Créée à Rouen en 2016 (voir O. M. n° 116 p. 66), cette production aurait dû être reprise à Avignon en avril 2021, mais la pandémie avait contraint à remplacer les représentations par le tournage d’un film. Quatre ans plus tard, en ouverture de saison, ce spectacle rencontre enfin le public avignonnais pour trois représentations triomphales, complétées par une diffusion de la générale sur grand écran place Saint-Didier. Nous ne reviendrons pas sur la mise en scène de Frédéric Roels, portrait d’un serial lover compulsif pathétique, qui trouve en Leporello son seul vrai fan. On est plus partagé sur une vision des femmes manquant d’ambivalence, entre une Anna poursuivant Don Giovanni non pour l’avoir agressée, mais abandonnée avant la conclusion, une Elvira hystérique et une Zerlina bien décidée de jouer de ses charmes pour grimper dans la société. Mais ce spectacle d’une belle théâtralité fonctionne grâce à la complicité maître-valet et à la direction fiévreuse mais sans agitation de Debora Waldman, cheffe attitrée de l’Orchestre National Avignon-Provence.

Sa vigilance n’évite toutefois pas divers décalages, manifestement dus à l’instabilité rythmique de certains chanteurs, lesquels, parfois, accusent en plus des problèmes de justesse. En particulier Tomislav Lavoie, dont l’instrument robuste et l’abattage n’excusent pas une tendance à plus parler que chanter Leporello, et souvent trop bas.
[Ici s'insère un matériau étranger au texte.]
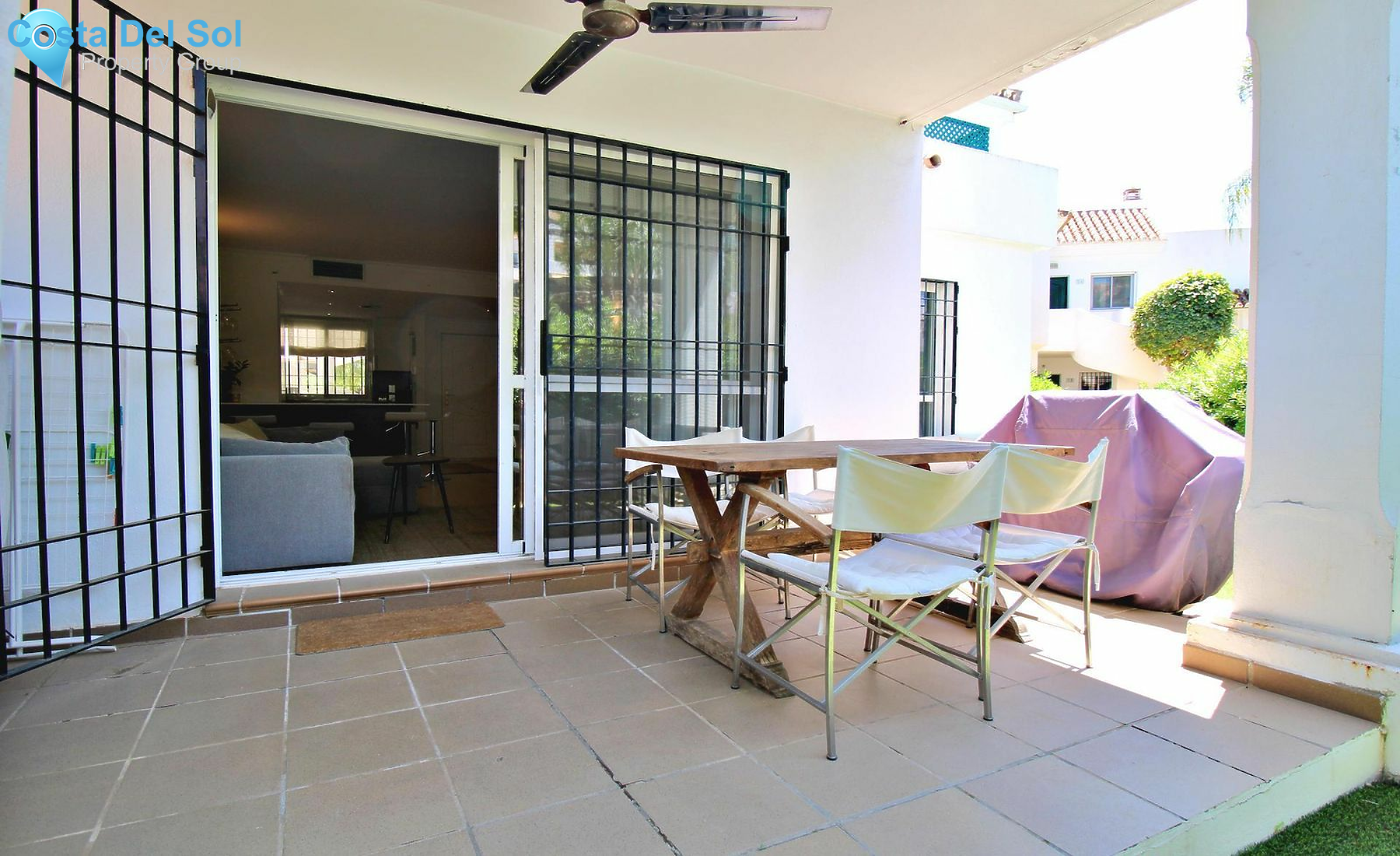 Ground Floor Apartment in Nueva Andalucía-1200746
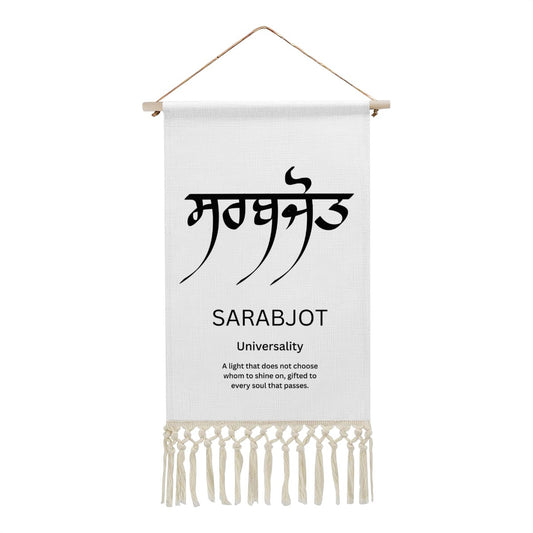 SARABJOT Punjabi Name Banner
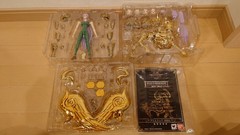 Saint Seiya Myth Cloth EX Aries Mu (Holy Cloth) Opened Condition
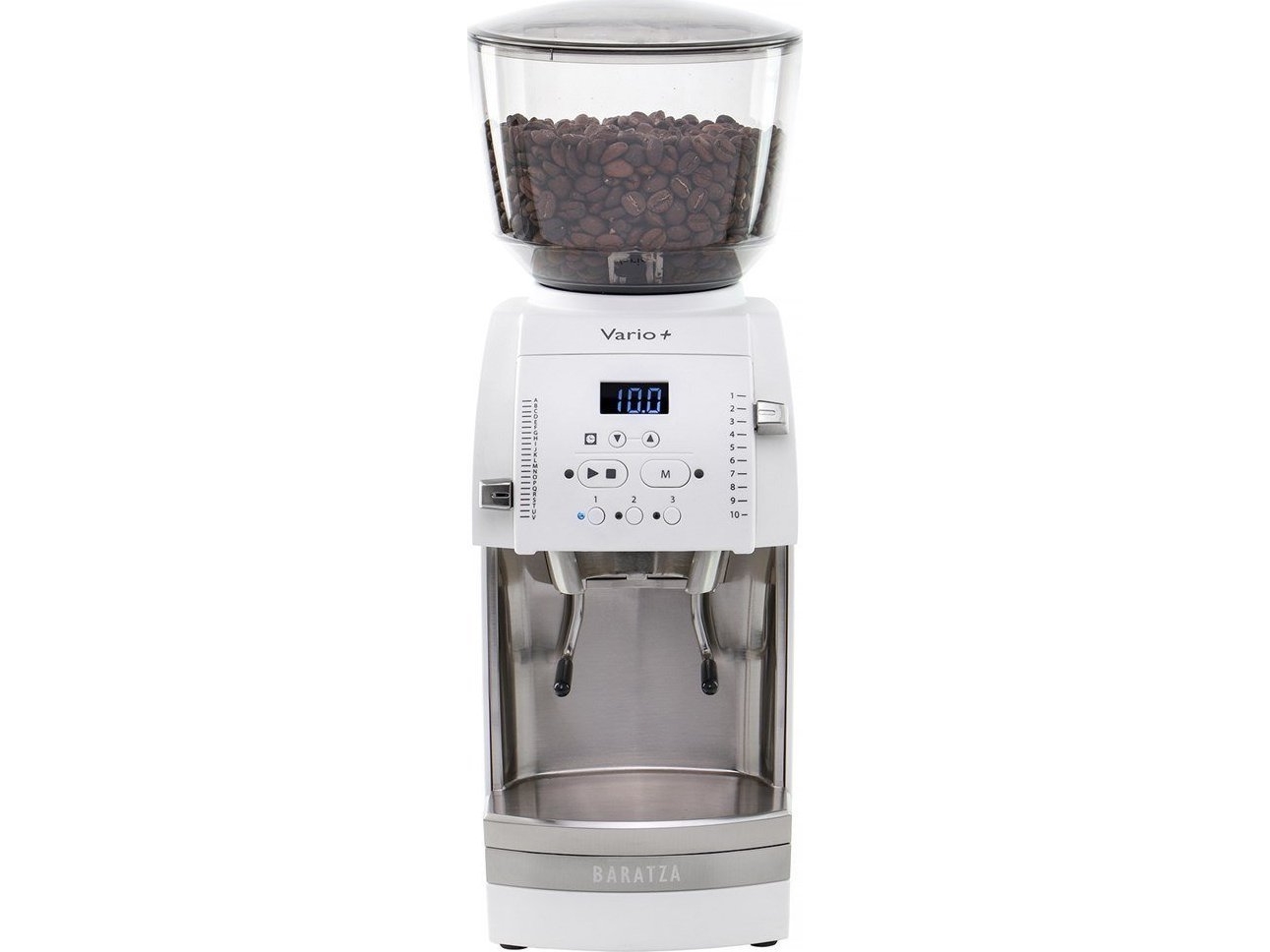 Vario+ Automatisk ølle Hvid fra Baratza hos Computersalg.dk 8388230101219
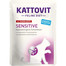 KATTOVIT Feline Diet Sensitive kuracie s kačacím mäsom 85 g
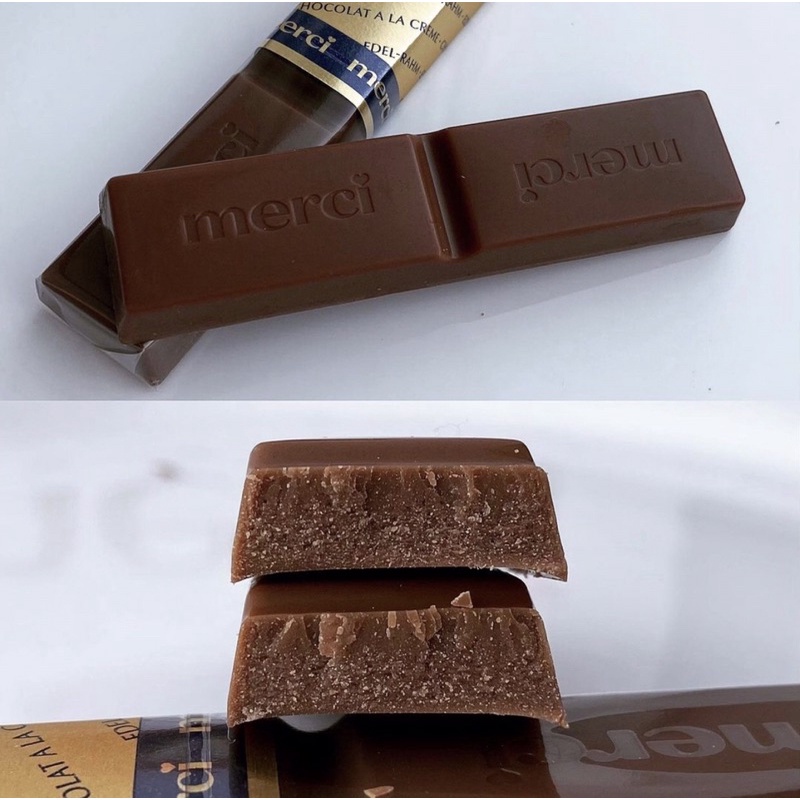 Hộp sôcôla hỗn hợp Merci Finest Selection hộp thiếc 500g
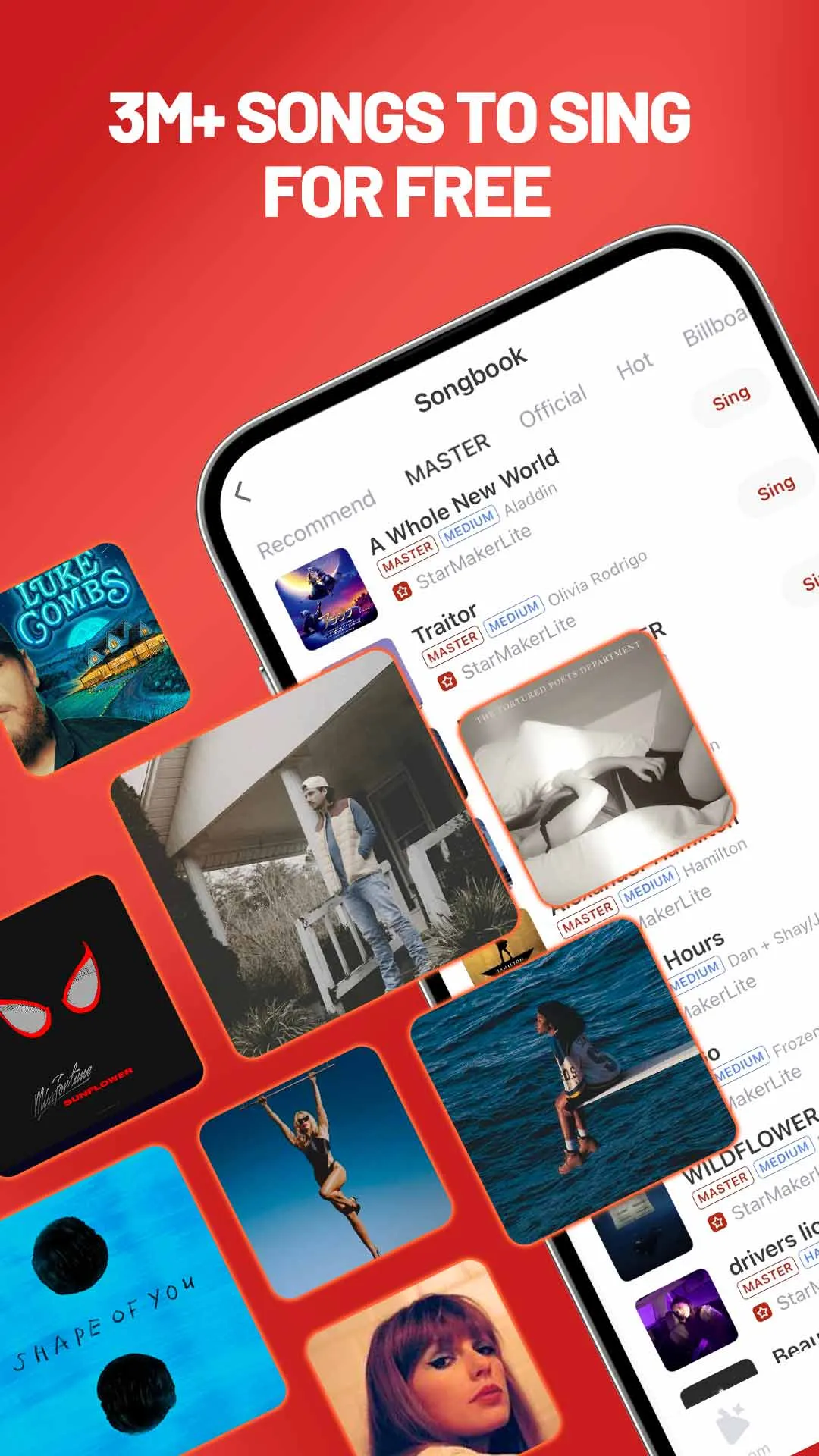 StarMaker Lite: Sing Karaoke | Indus Appstore | Screenshot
Armando Noguera réussit son premier Don Giovanni, voix brillante et aisée, présence féline, jouant des castagnettes pendant l’air « du champagne », osant la reprise du « Deh, vieni alla finestra » sur un fil de voix enjôleur, et délivrant un la éclatant lors de sa damnation. Il faut dire que face à la voix d’airain de Mischa Schelomianski, Commandeur aveugle, entre mendiant et zombie, il faut assurer ! Gabrielle Philiponet est une Donna Anna volontaire, dont la voix sûre mais un peu dure dans l’aigu assume parfaitement les la dardés du « Or sai chi l’onore », comme le cantabile de « Non mi dir », mais peine dans une cabalette « Forse un giorno » désordonnée. 

Anaïk Morel est touchante et passionnée, mais, comme la plupart des mezzos abordant Elvira, limitée en nuances et couleurs : médium corsé mais aigu trop en force, « Mi tradi » l’éprouvant sensiblement. En Zerlina, Eduarda Melo séduit plus par son physique que par sa voix, irrégulière (joli aigu mais médium grossi) et pas toujours impeccable d’intonation. Face à elle, le Masetto d’Aimery Lefèvre, au solide baryton, semble filer doux. Bien effacé aussi est l’Ottavio de Lianghua Gong, malgré un beau timbre. On apprécie d’entendre la version de Vienne, plus équilibrée que la première, de Prague, avec un second acte tenant moins de l’enfilade d’airs, l’ariette de Leporello « Ah, pietà » suivant le sextuor étant remplacée par un récitatif, et « Il mio tesoro » par un duo bouffe Zerlina-Leporello. Et le rideau tombe sur la mort du libertin, sans retour des autres personnages pour le lieto fine.